- [Exercise prompt]:
Word for word, restate every line from the one with "This tidy three-bedroom" through the end of the records below, both included, and add nothing.

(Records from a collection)

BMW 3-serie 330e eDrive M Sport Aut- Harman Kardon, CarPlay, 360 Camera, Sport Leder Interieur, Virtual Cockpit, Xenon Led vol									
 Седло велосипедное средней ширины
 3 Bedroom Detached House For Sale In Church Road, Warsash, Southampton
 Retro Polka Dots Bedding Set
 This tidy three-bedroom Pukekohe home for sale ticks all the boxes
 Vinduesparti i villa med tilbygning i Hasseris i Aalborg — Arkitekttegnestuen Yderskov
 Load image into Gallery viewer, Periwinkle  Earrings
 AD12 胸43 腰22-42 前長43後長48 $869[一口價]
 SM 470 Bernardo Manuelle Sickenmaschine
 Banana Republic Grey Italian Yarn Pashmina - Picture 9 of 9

- [Answer below]:
 This tidy three-bedroom Pukekohe home for sale ticks all the boxes
 Vinduesparti i villa med tilbygning i Hasseris i Aalborg — Arkitekttegnestuen Yderskov
 Load image into Gallery viewer, Periwinkle  Earrings
 AD12 胸43 腰22-42 前長43後長48 $869[一口價]
 SM 470 Bernardo Manuelle Sickenmaschine
 Banana Republic Grey Italian Yarn Pashmina - Picture 9 of 9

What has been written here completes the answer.